Analyse la montée du ressentiment global et les défis posés à l’ordre mondial occidental.

Etienne de Gail : “L’Occident, après cinq siècles d'une domination brutale et sans partage, se voit disputer le monopole de la puissance”
World
Aug 6, 2024
Par 
Étienne de Gail

Etienne de Gail est essayiste. Il travaille depuis plusieurs années au bureau d’Hubert Védrine dont il est l’un des plus proches collaborateurs. Tribune exclusive pour Géostratégie magazine.

À observer le monde en ce mois de février 2024, on ne peut que constater la menace d'un triomphe du ressentiment et de ses effets pervers. Quels que soient les crises et les pays sur lesquels se pose le regard, la jalousie, la conviction d'une offense à réparer ou d'un affront à laver, la volonté de puissance, le désir de revanche ou de vengeance sont partout. Ce qui est vrai à l'échelle individuelle l'est plus encore à celle collective, qui exacerbe les vexations et les ambitions.

Face à ces défis, l'ordre global unipolaire américain - qui a souvent été un désordre maîtrisé - bâti depuis 1945, concurrent de celui soviétique et déjà contesté avant la disparition de l'URSS il y a près de trente-cinq ans, n'a jamais été aussi dénigré et fragilisé. 

C'est que les États-Unis apparaissent aux yeux de tous comme le chef de file et le héraut d'un Occident qui, après cinq siècles d'une domination brutale et sans partage, se voit disputer le monopole de la puissance, des normes, de la richesse et du narratif. L'amenuisement de ce dernier est peut-être le plus périlleux pour les Occidentaux à l'ère du tout numérique et d'une défiance généralisée envers les anciens maîtres.
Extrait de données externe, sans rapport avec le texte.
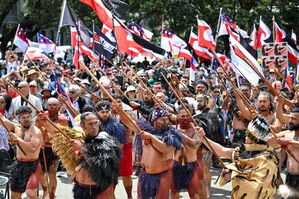 Demonstranten tragen die traditionelle Kleidung der indigenen Bevölkerung und präsentieren die Maori-Flagge, , © Mark Tantrum/AP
Affaiblir, dépasser ou vaincre l'Occident et son modèle semblent ainsi être devenus le mot d'ordre et le cri de rassemblement d'un Sud qui n'a de global que le nom, comme les désaccords et les déséquilibres en son sein - par exemple entre l'Inde et la Chine, ou l'Iran et son voisin saoudien - en témoignent. D'où la prolifération de discours révisionnistes sur le système international et l'hégémonie américaine, la remise en cause de frontières issues des décolonisations ou de l'éclatement d'empires disparus, et l'expression de griefs souvent instrumentalisés sur un passé qui ne passe pas.  

Ces discours conjuguent une rancune partagée bien réelle et l'opportunité historique de la désoccidentalisation du monde. Mais ils doivent être appréhendés avec recul, et non interprétés de façon manichéenne comme le signe d'une bataille planétaire entre démocraties et États autoritaires. D'abord, parce que les dirigeants despotiques sont opportunistes et saisissent toutes les occasions pour maximiser leurs intérêts dans la compétition mondiale ; ensuite, parce que leurs dissensions, voire leur rivalité, sont innombrables, ce qui tempère le fantasme d'une amicale autoritaire dont la raison de vivre et l'objectif premier serait la promotion de la tyrannie ; enfin, parce que ceux qui dénoncent l'existence d'une telle internationale autocratique se cachent bien souvent derrière cet épouvantail par peur inhibitrice et pour éviter d'avoir à penser la réinvention du modèle démocratique, qui ne pourra attirer à nouveau que par l'exemple et non par des condamnations stériles et perçues comme hypocrites.

Dans cette période de relativisation de la place de l'Occident dans le monde, il est plus que jamais nécessaire de prendre en compte les critiques légitimes et de bien mesurer le danger que peuvent incarner nos concurrents et adversaires. Sans pour autant en faire une guerre de civilisation qui, si elle n'est pas absente de leur rhétorique, recèle plutôt une valeur déclamatoire et stratégique visant à rassembler en interne et à diviser les opinions publiques des pays démocratiques. Et ce pour les éloigner de l'impératif fondamental à s'organiser pour continuer à rivaliser économiquement, industriellement, technologiquement, ainsi que sur le terrain des idées et de l'attraction.